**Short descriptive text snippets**
------------------------------------------------------------------------

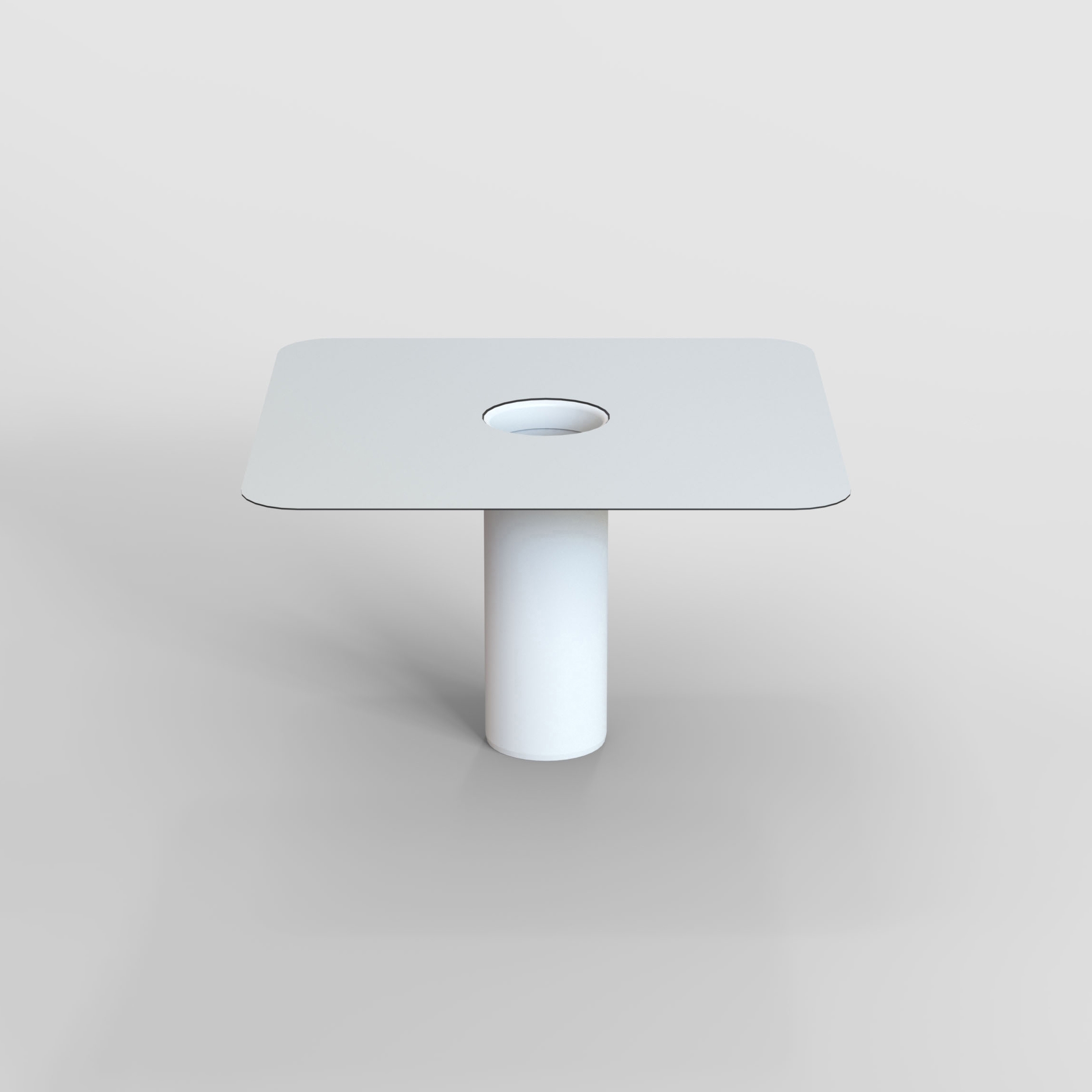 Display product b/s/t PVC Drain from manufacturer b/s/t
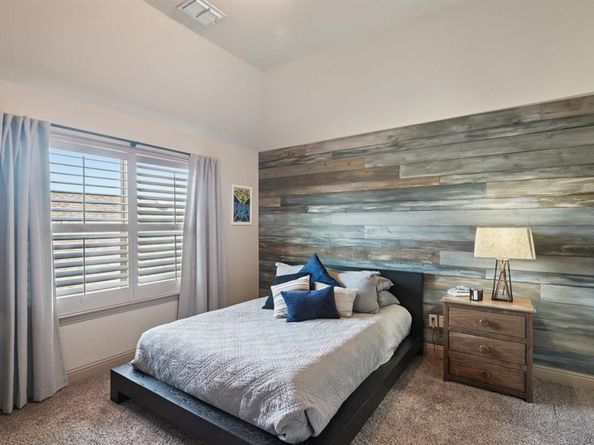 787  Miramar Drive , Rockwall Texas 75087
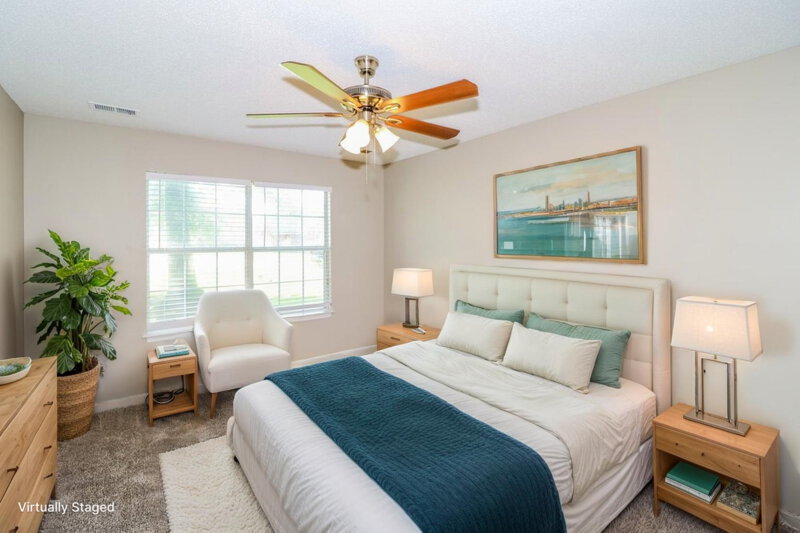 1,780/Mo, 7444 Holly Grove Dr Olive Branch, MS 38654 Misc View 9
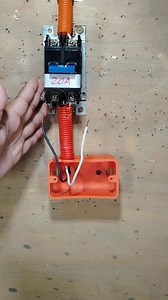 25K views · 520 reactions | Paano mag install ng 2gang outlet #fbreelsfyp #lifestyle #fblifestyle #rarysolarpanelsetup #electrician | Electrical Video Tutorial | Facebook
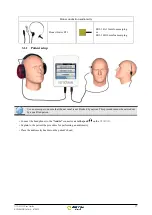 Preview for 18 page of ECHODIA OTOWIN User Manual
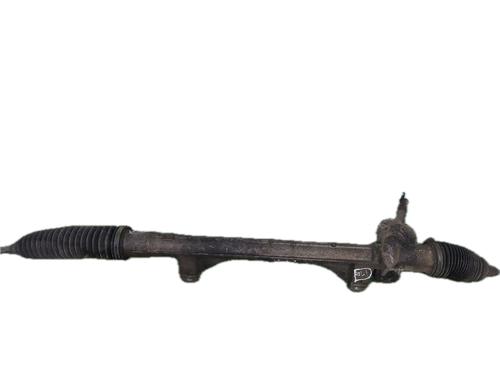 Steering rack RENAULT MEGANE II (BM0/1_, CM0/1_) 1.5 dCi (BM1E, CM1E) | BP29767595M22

------------------------------------------------------------------------

Once the pictures are set aside, repeat the data above exactly.

 Display product b/s/t PVC Drain from manufacturer b/s/t
 787  Miramar Drive , Rockwall Texas 75087
 1,780/Mo, 7444 Holly Grove Dr Olive Branch, MS 38654 Misc View 9
 25K views · 520 reactions | Paano mag install ng 2gang outlet #fbreelsfyp #lifestyle #fblifestyle #rarysolarpanelsetup #electrician | Electrical Video Tutorial | Facebook
 Preview for 18 page of ECHODIA OTOWIN User Manual
 Steering rack RENAULT MEGANE II (BM0/1_, CM0/1_) 1.5 dCi (BM1E, CM1E) | BP29767595M22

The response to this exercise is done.